Write every line below out again exactly, images omitted.
▼
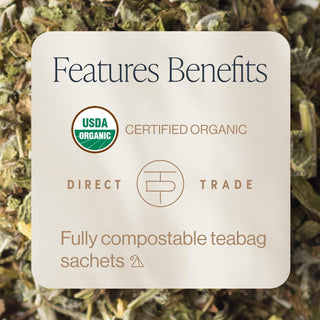 Rishi Organic Kosher Lavender Mint w/Peppermint, Licorice, Lavender, Sage, GMO-Free, Dairy-Free Caffeinated Herbal Tea (Case of 6) 15 Tea Bags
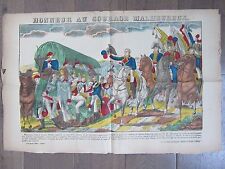 GRANDE IMAGE EPINAL 1880 HONNEUR AU COURAGE MALHEUREUX NAPOLEON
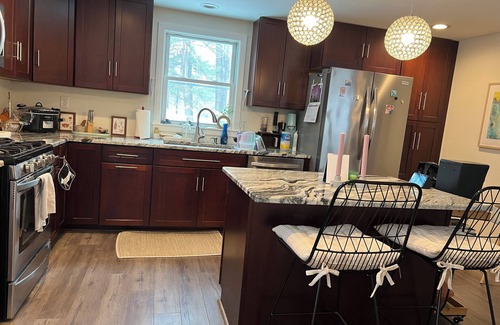 Lyman House | Charming, modern 2-bedroom home steps from public beach on Kennebunk Pond.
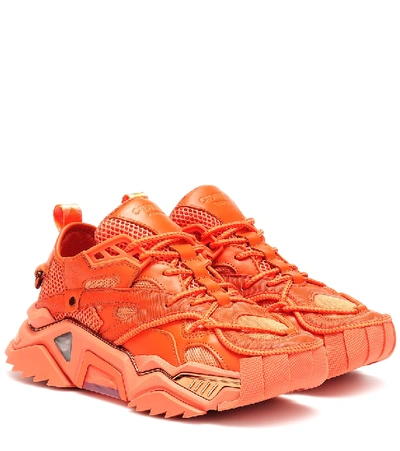 Shop Calvin Klein 205w39nyc Strike 205 Sneakers In Orange
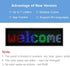 LED Name Badges, OUHL Upgraded Name Tag Cellphone Programmable Rechargeable Business Badges with Magnet Pin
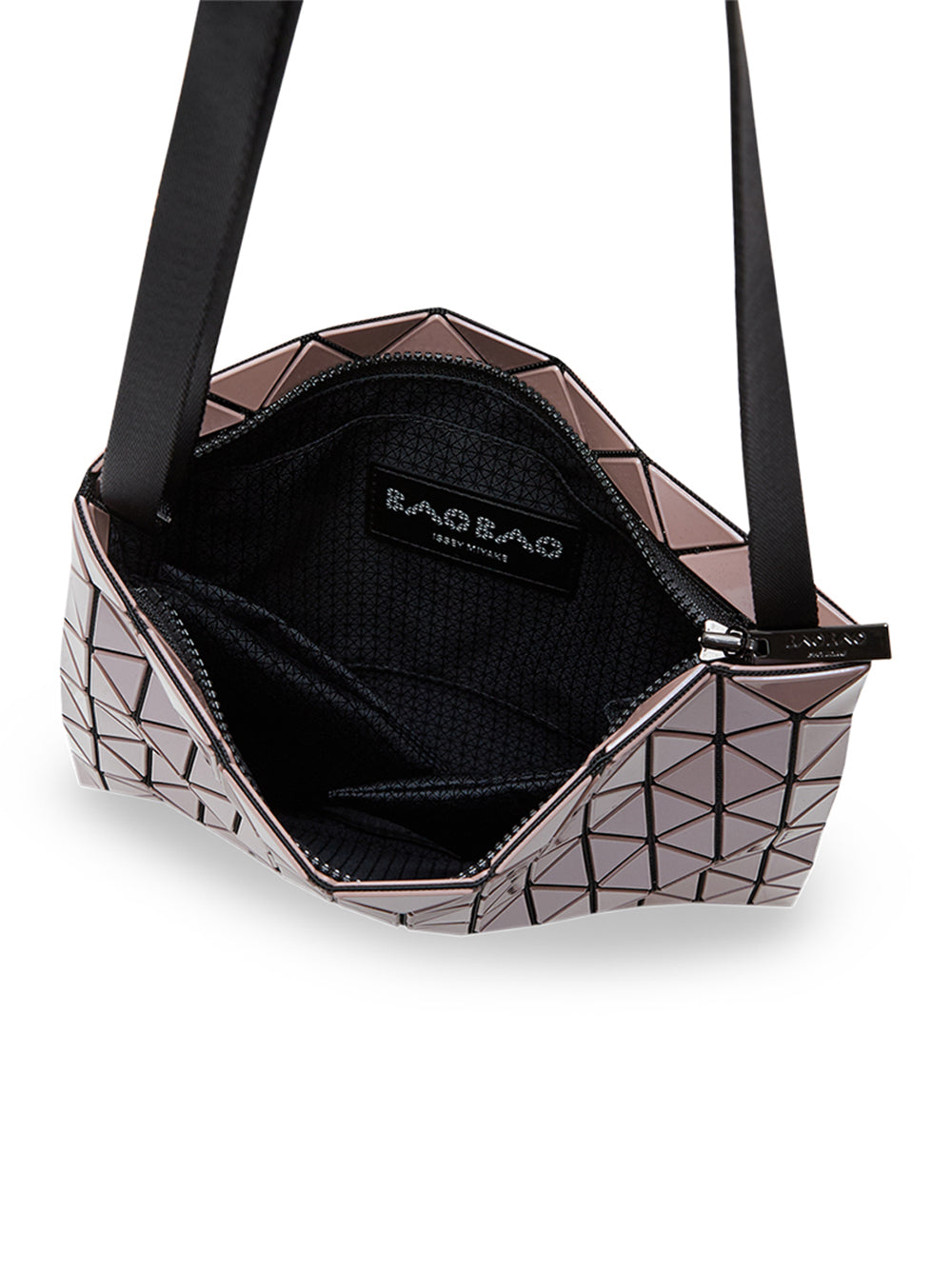 ROW METALLIC Shoulder Bag (Small) (Pink Beige)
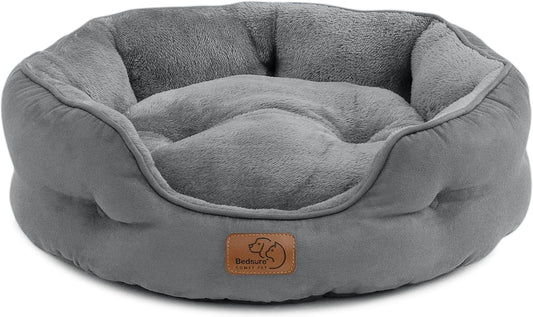 Bedsure Cat Bed for Indoor Cats - 51x48x15cm Round - Best Seller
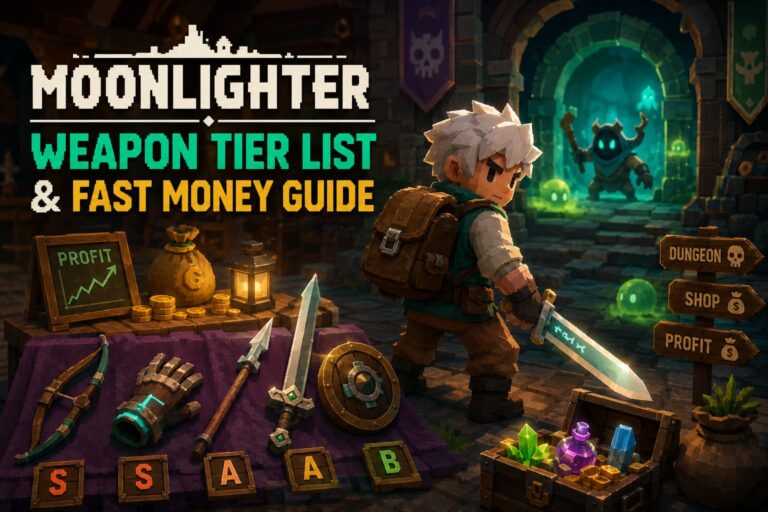 Moonlighter Weapon Tier List and Fast Money Making Guide (2026) Moonlighter Weapon Tier List and Fast Money Making Guide (2026)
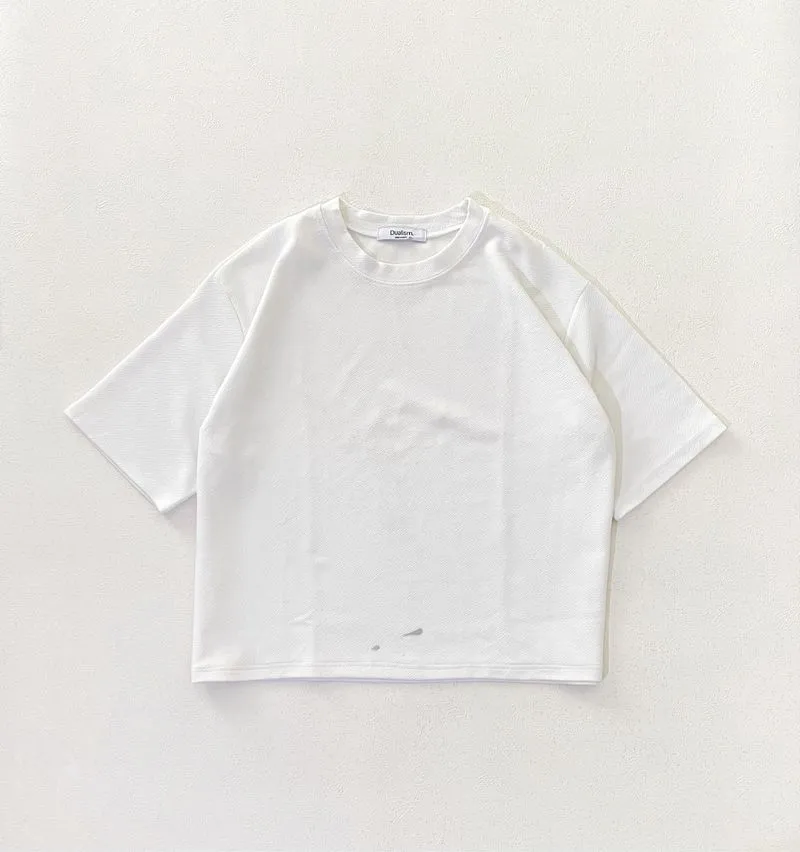 T shirt Boxy Polos Putih photo 1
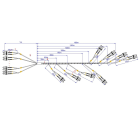 FRACARRO RADIOINDUSTRIE - OPC16I170C-SADP CAVO 16 FO 170M IN ST DU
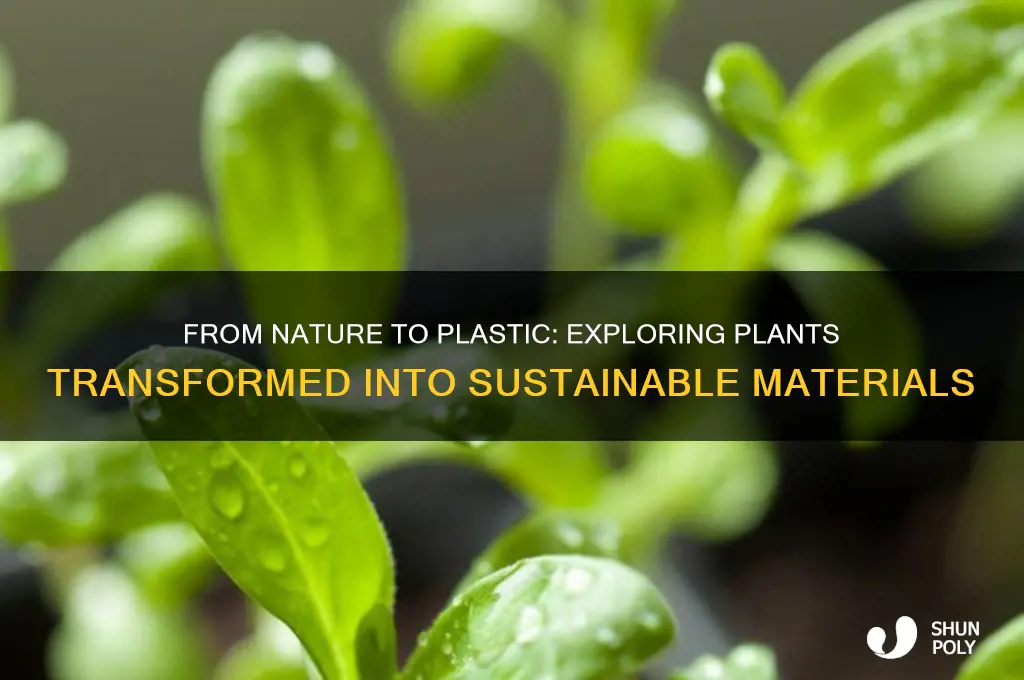 what plant is made into plastic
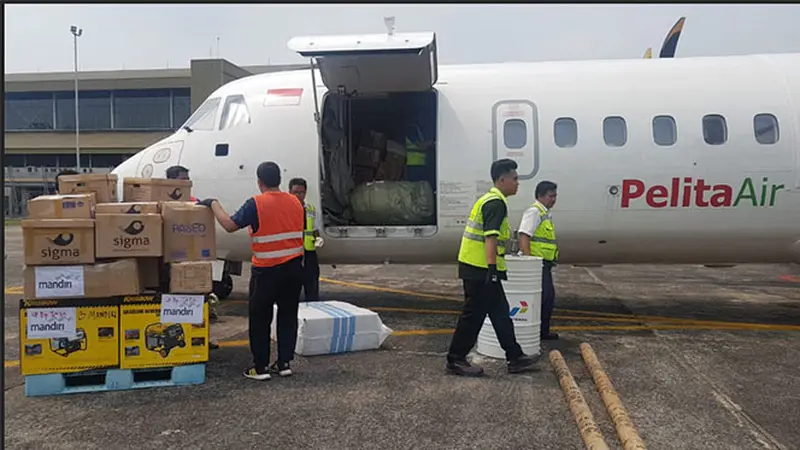 Terbangkan SPBU Portable, Pertamina Modifikasi Pelita Air Jadi Pesawat Cargo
▲
OUTPUT:
 Rishi Organic Kosher Lavender Mint w/Peppermint, Licorice, Lavender, Sage, GMO-Free, Dairy-Free Caffeinated Herbal Tea (Case of 6) 15 Tea Bags
 GRANDE IMAGE EPINAL 1880 HONNEUR AU COURAGE MALHEUREUX NAPOLEON
 Lyman House | Charming, modern 2-bedroom home steps from public beach on Kennebunk Pond.
 Shop Calvin Klein 205w39nyc Strike 205 Sneakers In Orange
 LED Name Badges, OUHL Upgraded Name Tag Cellphone Programmable Rechargeable Business Badges with Magnet Pin
 ROW METALLIC Shoulder Bag (Small) (Pink Beige)
 Bedsure Cat Bed for Indoor Cats - 51x48x15cm Round - Best Seller
 Moonlighter Weapon Tier List and Fast Money Making Guide (2026) Moonlighter Weapon Tier List and Fast Money Making Guide (2026)
 T shirt Boxy Polos Putih photo 1
 FRACARRO RADIOINDUSTRIE - OPC16I170C-SADP CAVO 16 FO 170M IN ST DU
 what plant is made into plastic
 Terbangkan SPBU Portable, Pertamina Modifikasi Pelita Air Jadi Pesawat Cargo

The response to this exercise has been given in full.